Toutefois, comment pouvait-il se faire que ce monstre pût se dérober à tant de battues, échapper à tant de chasseurs, et faire impunément tant de victimes ?

Et d’abord, les difficultés des lieux faisaient merveilleusement le jeu de la Bête.

On ne peut se figurer, sans les avoir vues, ces gorges profondes, ces ravines sauvages de Meyronne et la Révolte, de la Desge, au-dessous de la Besseyre, de la Truyère sur l’autre versant des Margerides qui sont elles-mêmes creusées de plis profonds, souvent hérissées d’épais taillis, inaccessibles à l’homme et praticables aux fauves seuls. La Bête avait tôt fait de sauter d’un versant à l’autre, de se couler sans être vue à la faveur des taillis et de mettre en défaut, tout en passant près de lui, la vigilance du tireur au poste. Et là-haut sur les arides sommets des monts que ne ponctuent ni arbres ni arbustes, il lui était facile d’apercevoir le chasseur aux aguets, et de se sauver hors de portée.

Si quelquefois, l’éveil donné, elle ne pouvait se sauver à temps sans essuyer quelques coups de fusil, l’imperfection des armes de cette époque, le saisissement et le manque d’assurance ou la trop grande distance du tireur rendaient la plupart des coups inutiles, quand le feu lui-même ne ratait pas.

Les battues, par elles-mêmes, n’étaient pas si dangereuses qu’on pourrait le croire. Il y avait une telle cohue, une telle confusion, et entre les tireurs et les rabatteurs de si larges vides amenés forcément par les grands bois, les forêts impénétrables, alors plus nombreux qu’aujourd’hui, qu’il n’est point étonnant que la Bête ait pu aisément se dérober.

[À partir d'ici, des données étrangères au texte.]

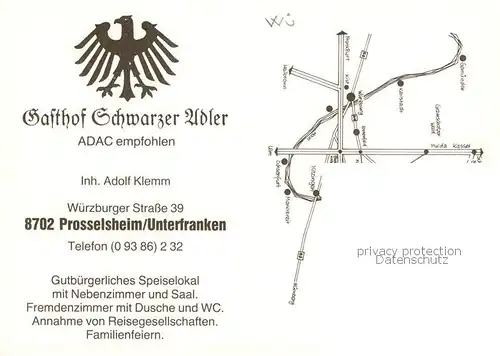 AK / Ansichtskarte 73863300 Prosselsheim Gasthof Schwarzer Adler Saal Fremdenzimmer Prosselsheim
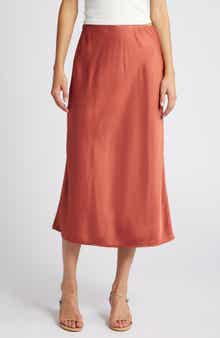 Treasure & Bond Bias Cut Satin Midi Skirt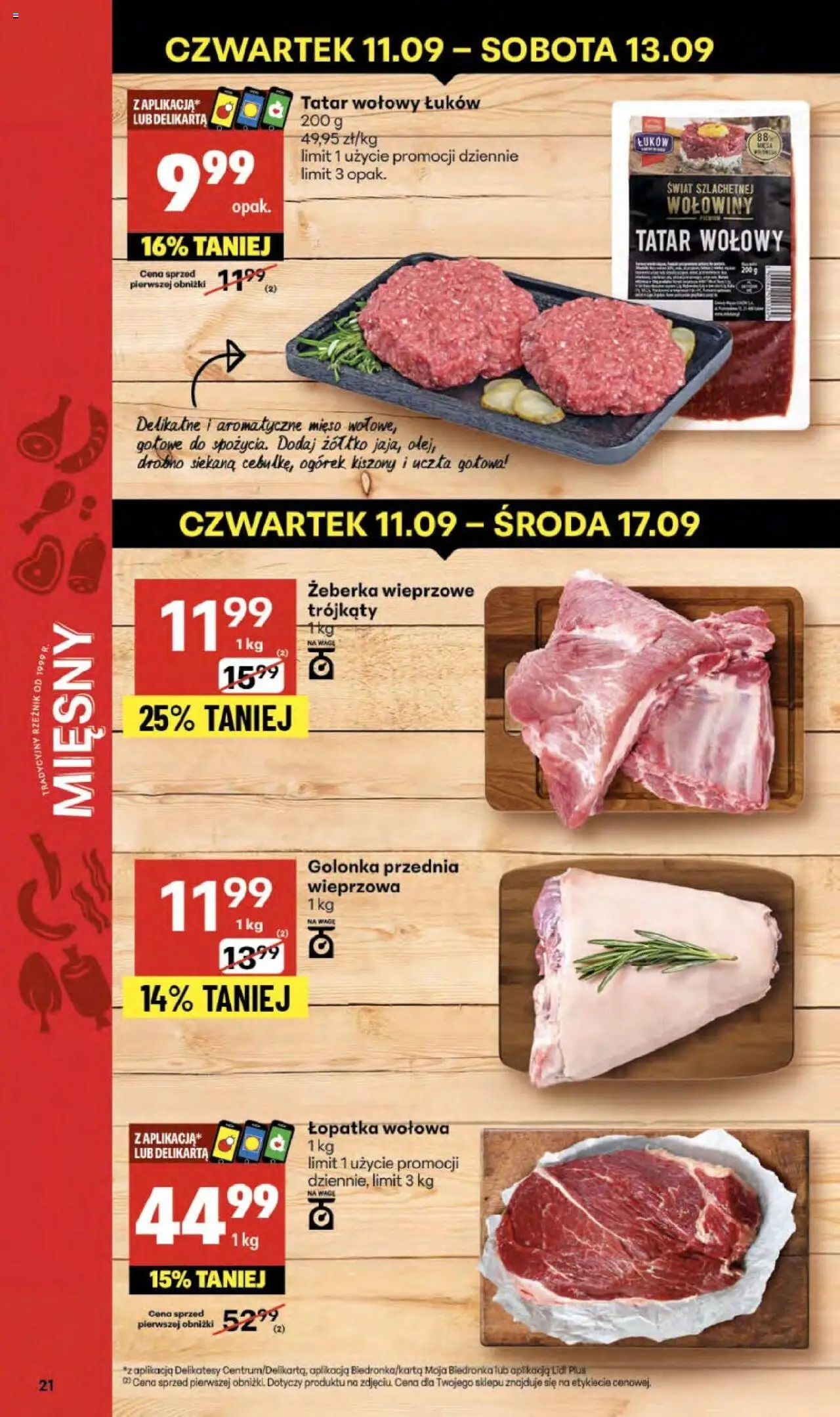 Delikatesy Centrum Gazetka od 11.09.2025 | Strona: 21 | Produkty: Tatar wołowy, Mięso, Delikatesy, Tatar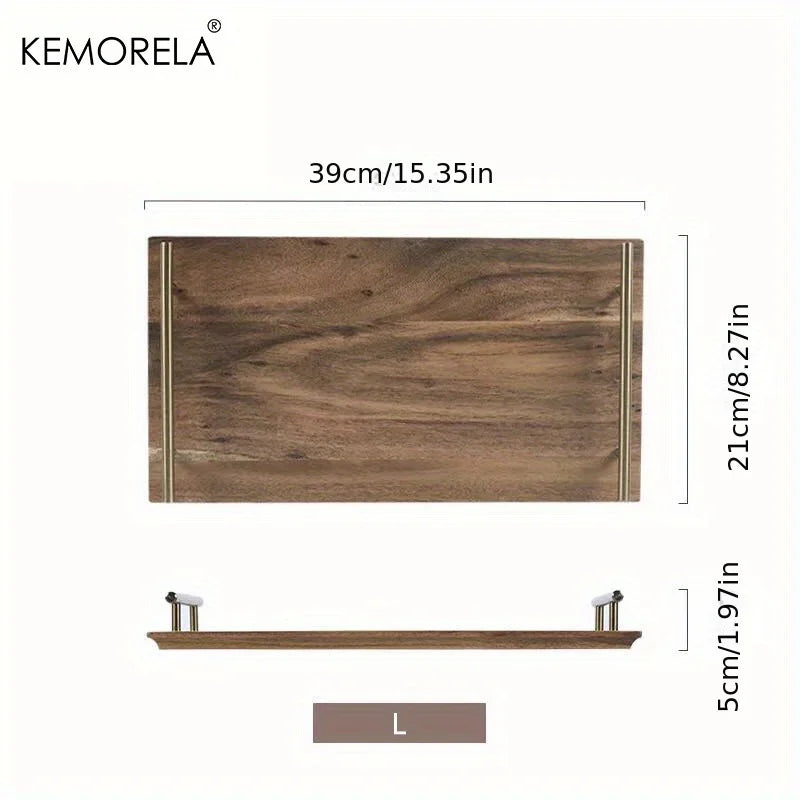DecorBites™ Lovesickness Wooden Serving Tray with Metal Handle | Elegant Fruit and Sushi Dish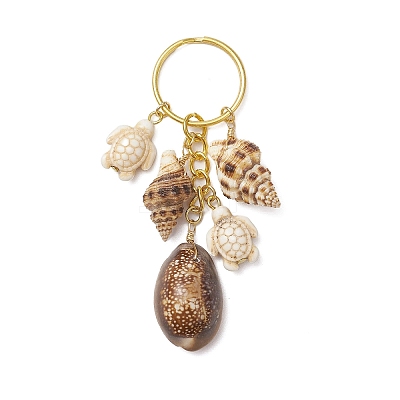 Ocean Style Natural Shell with Synthetic Turquoise Keychains KEYC-JKC01231-05-1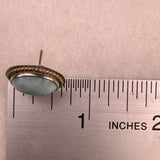 Sterling Silver Womens Oval Turquoise Earrings 925 Marked Artisan Blue Stone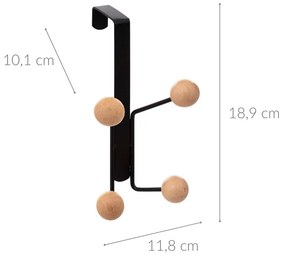 Wieszak na drzwi o szer. do 10,1 cm, z 4 drewnianymi haczykami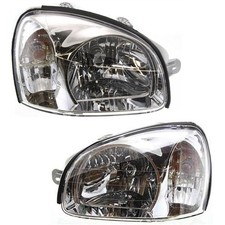 Driver and Passenger Headlights For Hyundai Santa Fe 2001-2003 Halogen w/ Bulb/s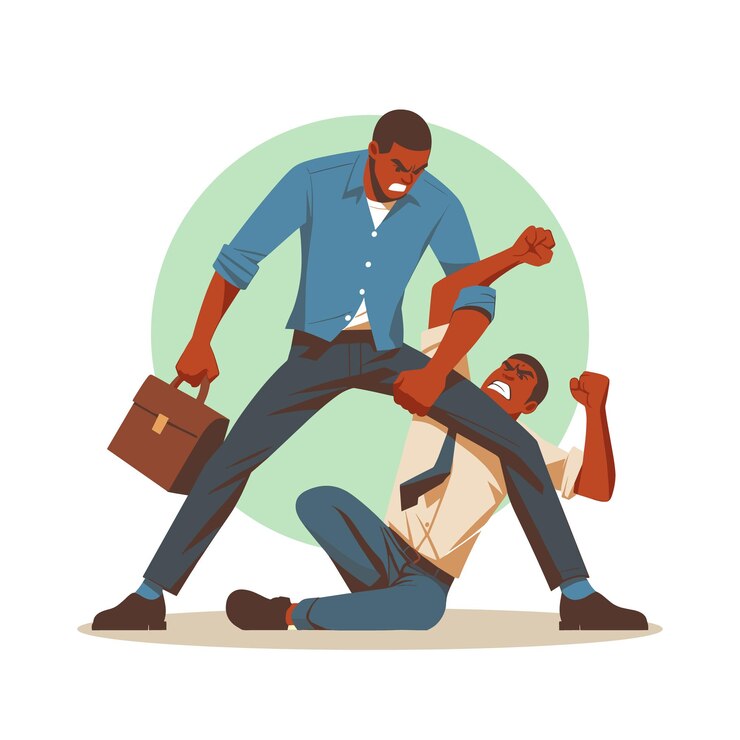 Due uomini hanno combattuto. Illustrazione vettoriale.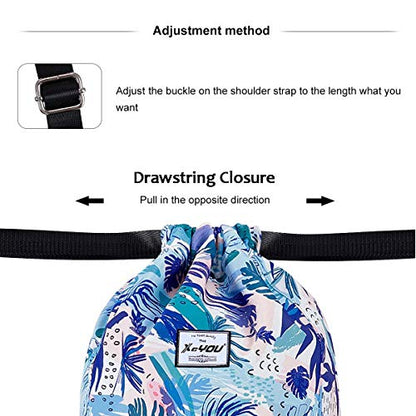 XEYOU Drawstring Backpack Bag Sport Gym Sackpack Beach Cinch Bag | Lightweight Swimming Bag, Water-Resistant Fabric, Travel Daypack for Women and Men - color: Blue Leaves
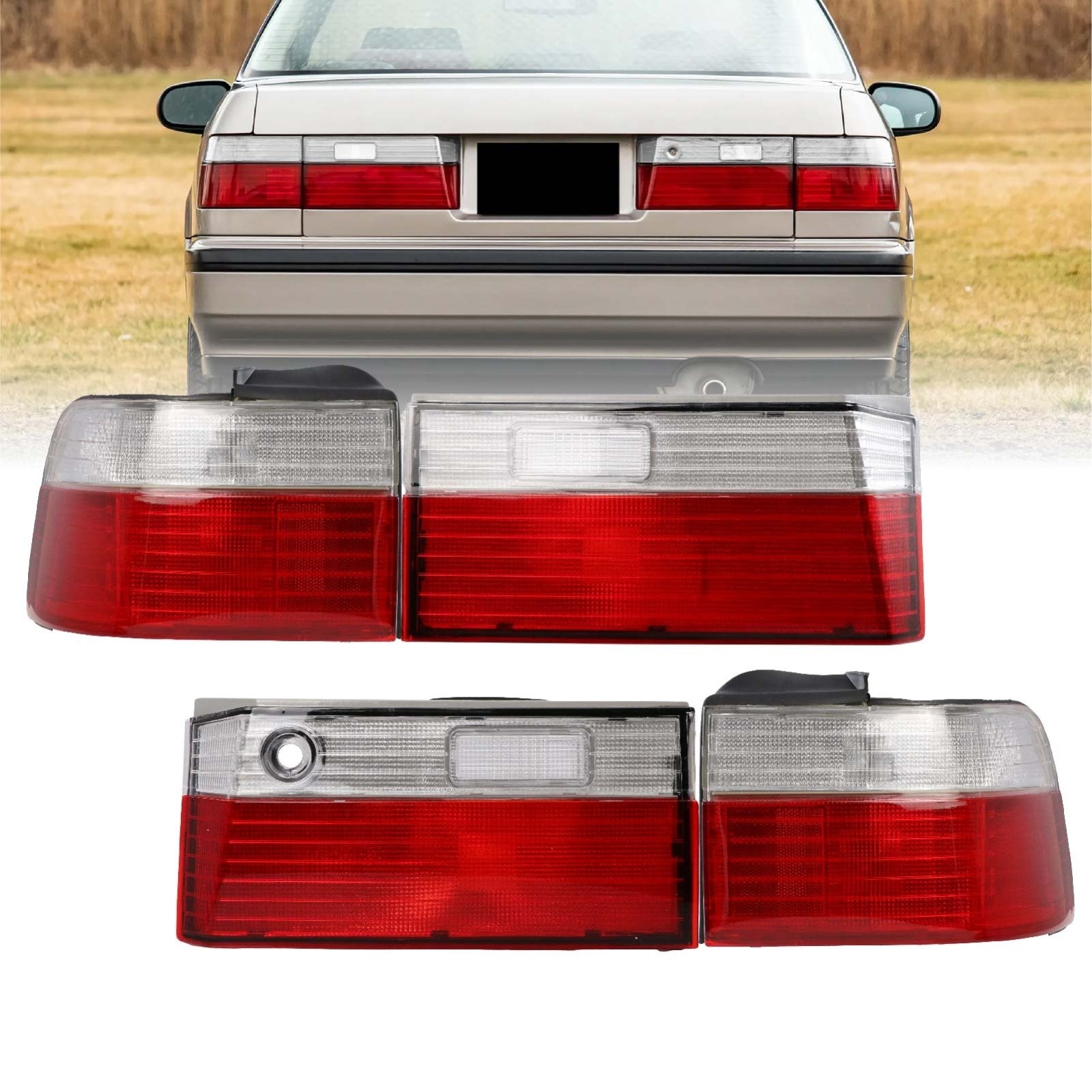 1990-1991 Honda Accord 4D Sedan JDM Style Red / Clear Lens 4PC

D’ailleurs, ceux qui jusqu’ici avaient dirigé les chasses tenaient à s’assurer la récompense promise, et à tuer eux-mêmes la Bête, de sorte qu’ils se réservaient les meilleurs postes, et ne laissaient pas facilement aux autres l’occasion de remporter le prix. C’est ainsi que la prime extraordinaire qui devait assurer la mort du monstre, était peut-être pour lui une cause de salut.